What is being asked: All of the data must be returned word for word.

Data:
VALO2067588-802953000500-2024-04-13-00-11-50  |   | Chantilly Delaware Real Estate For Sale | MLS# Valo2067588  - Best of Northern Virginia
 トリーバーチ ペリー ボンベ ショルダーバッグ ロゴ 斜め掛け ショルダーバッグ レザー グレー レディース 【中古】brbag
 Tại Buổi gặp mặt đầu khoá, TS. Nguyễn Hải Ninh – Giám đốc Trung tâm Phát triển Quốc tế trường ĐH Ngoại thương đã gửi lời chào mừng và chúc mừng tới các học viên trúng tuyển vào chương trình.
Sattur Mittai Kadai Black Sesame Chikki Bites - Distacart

Written answer:
VALO2067588-802953000500-2024-04-13-00-11-50  |   | Chantilly Delaware Real Estate For Sale | MLS# Valo2067588  - Best of Northern Virginia
 トリーバーチ ペリー ボンベ ショルダーバッグ ロゴ 斜め掛け ショルダーバッグ レザー グレー レディース 【中古】brbag
 Tại Buổi gặp mặt đầu khoá, TS. Nguyễn Hải Ninh – Giám đốc Trung tâm Phát triển Quốc tế trường ĐH Ngoại thương đã gửi lời chào mừng và chúc mừng tới các học viên trúng tuyển vào chương trình.
Sattur Mittai Kadai Black Sesame Chikki Bites - Distacart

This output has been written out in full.